**Records provided**
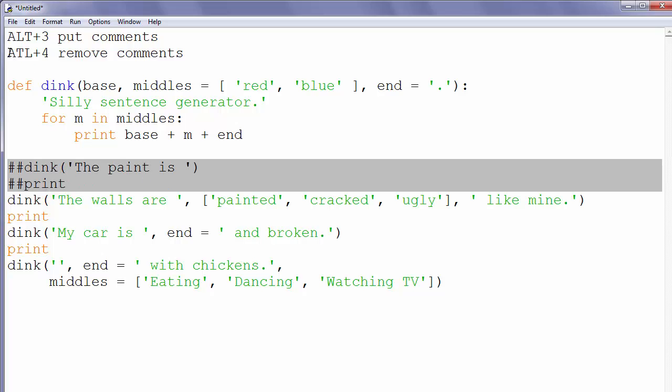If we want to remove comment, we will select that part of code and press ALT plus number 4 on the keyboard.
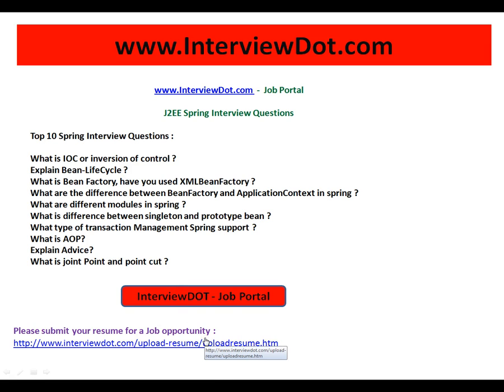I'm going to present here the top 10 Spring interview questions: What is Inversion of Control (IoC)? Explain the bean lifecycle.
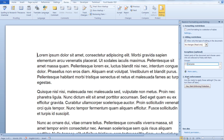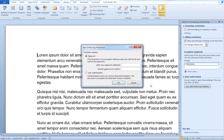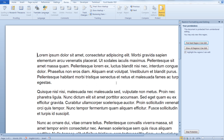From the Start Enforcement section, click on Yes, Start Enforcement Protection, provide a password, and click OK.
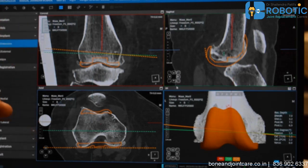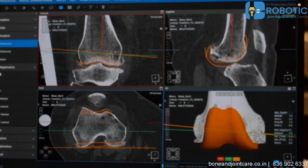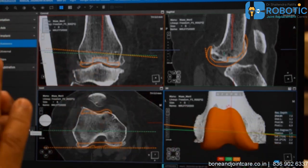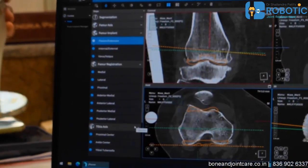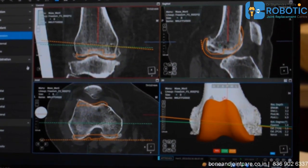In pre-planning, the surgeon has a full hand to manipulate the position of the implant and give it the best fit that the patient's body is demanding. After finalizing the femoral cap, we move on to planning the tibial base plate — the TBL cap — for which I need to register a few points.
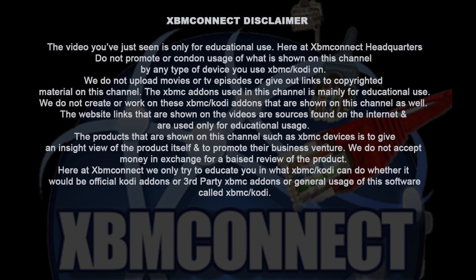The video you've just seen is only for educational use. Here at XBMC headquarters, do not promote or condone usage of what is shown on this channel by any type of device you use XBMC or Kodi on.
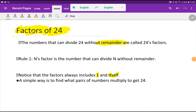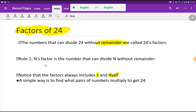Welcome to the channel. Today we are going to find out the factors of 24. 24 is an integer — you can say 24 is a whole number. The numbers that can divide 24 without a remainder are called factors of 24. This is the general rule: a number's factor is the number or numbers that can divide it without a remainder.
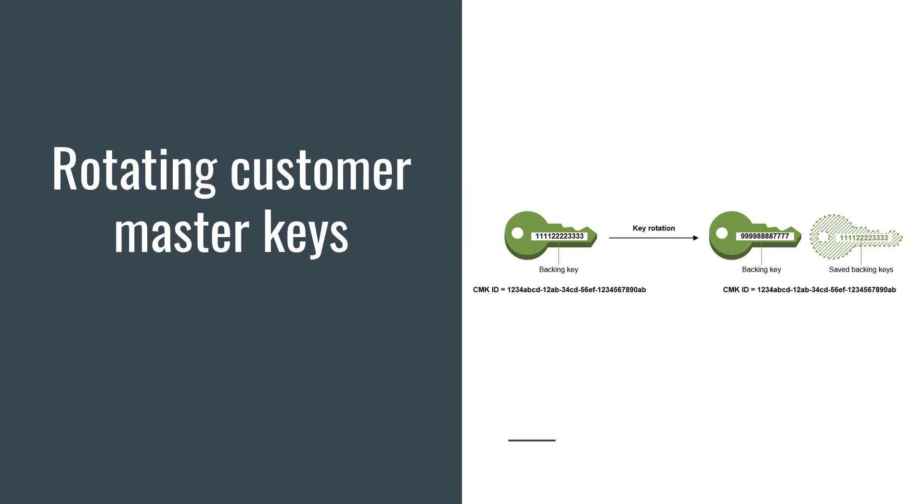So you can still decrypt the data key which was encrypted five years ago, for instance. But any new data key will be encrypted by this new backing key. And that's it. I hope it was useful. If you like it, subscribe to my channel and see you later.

* * *

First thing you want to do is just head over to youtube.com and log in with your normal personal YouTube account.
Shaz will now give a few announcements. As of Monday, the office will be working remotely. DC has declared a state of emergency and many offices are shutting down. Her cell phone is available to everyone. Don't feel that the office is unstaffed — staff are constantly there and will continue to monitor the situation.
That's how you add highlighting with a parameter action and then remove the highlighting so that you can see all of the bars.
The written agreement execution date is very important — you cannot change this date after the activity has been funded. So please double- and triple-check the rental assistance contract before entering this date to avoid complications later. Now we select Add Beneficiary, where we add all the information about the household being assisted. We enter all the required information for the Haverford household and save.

==

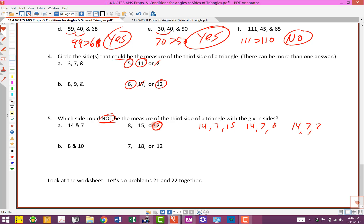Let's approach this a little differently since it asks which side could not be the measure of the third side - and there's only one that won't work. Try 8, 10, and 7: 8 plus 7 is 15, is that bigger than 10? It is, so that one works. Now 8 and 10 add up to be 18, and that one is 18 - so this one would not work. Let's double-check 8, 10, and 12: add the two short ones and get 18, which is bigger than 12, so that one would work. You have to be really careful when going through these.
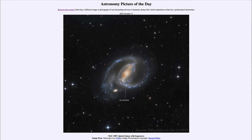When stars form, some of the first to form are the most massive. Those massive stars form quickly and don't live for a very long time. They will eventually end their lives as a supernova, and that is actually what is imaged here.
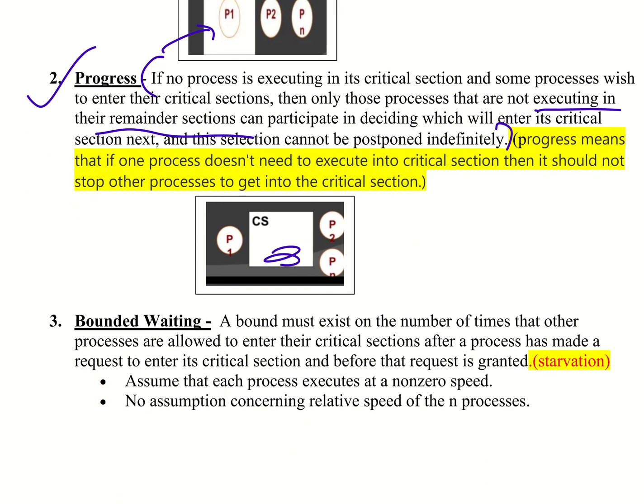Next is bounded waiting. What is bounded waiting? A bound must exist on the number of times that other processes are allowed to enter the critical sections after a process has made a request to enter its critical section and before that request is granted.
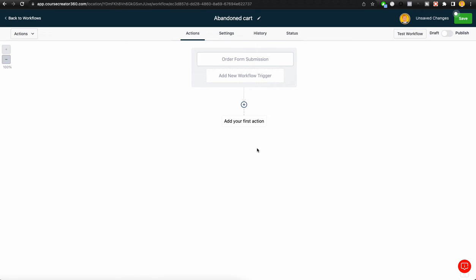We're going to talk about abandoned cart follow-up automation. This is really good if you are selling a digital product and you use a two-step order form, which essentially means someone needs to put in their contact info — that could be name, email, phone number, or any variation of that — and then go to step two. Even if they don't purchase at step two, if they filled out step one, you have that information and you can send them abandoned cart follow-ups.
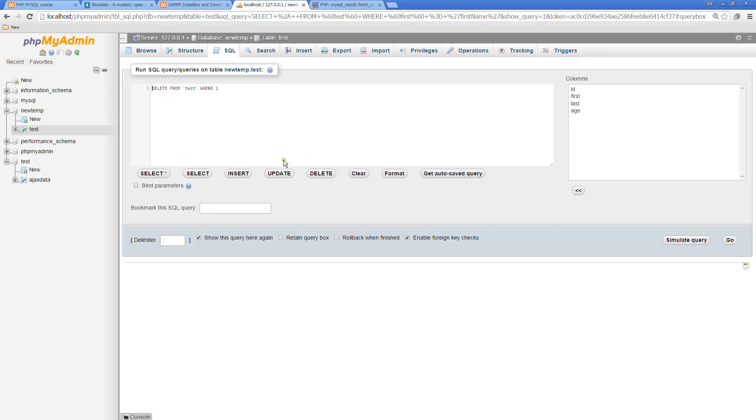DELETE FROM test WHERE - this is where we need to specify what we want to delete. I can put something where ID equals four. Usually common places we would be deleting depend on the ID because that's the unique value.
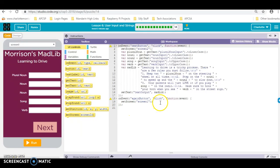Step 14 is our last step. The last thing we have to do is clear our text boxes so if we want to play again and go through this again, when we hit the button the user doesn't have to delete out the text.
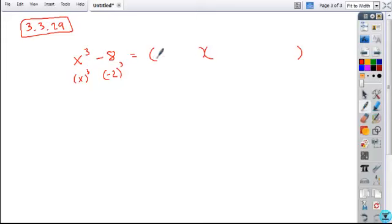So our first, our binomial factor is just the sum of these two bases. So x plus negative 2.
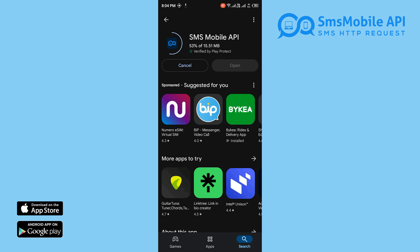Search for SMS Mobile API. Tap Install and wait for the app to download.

**Goal of the exercise**
Exactly the lines starting at the one above with "If we want to remove" and ending at the one with "So you can still" should be printed, and nothing else. Omit the pictures.

**Exercise solution**
If we want to remove comment, we will select that part of code and press ALT plus number 4 on the keyboard.
I'm going to present here the top 10 Spring interview questions: What is Inversion of Control (IoC)? Explain the bean lifecycle.
From the Start Enforcement section, click on Yes, Start Enforcement Protection, provide a password, and click OK.
In pre-planning, the surgeon has a full hand to manipulate the position of the implant and give it the best fit that the patient's body is demanding. After finalizing the femoral cap, we move on to planning the tibial base plate — the TBL cap — for which I need to register a few points.
The video you've just seen is only for educational use. Here at XBMC headquarters, do not promote or condone usage of what is shown on this channel by any type of device you use XBMC or Kodi on.
Welcome to the channel. Today we are going to find out the factors of 24. 24 is an integer — you can say 24 is a whole number. The numbers that can divide 24 without a remainder are called factors of 24. This is the general rule: a number's factor is the number or numbers that can divide it without a remainder.
So you can still decrypt the data key which was encrypted five years ago, for instance. But any new data key will be encrypted by this new backing key. And that's it. I hope it was useful. If you like it, subscribe to my channel and see you later.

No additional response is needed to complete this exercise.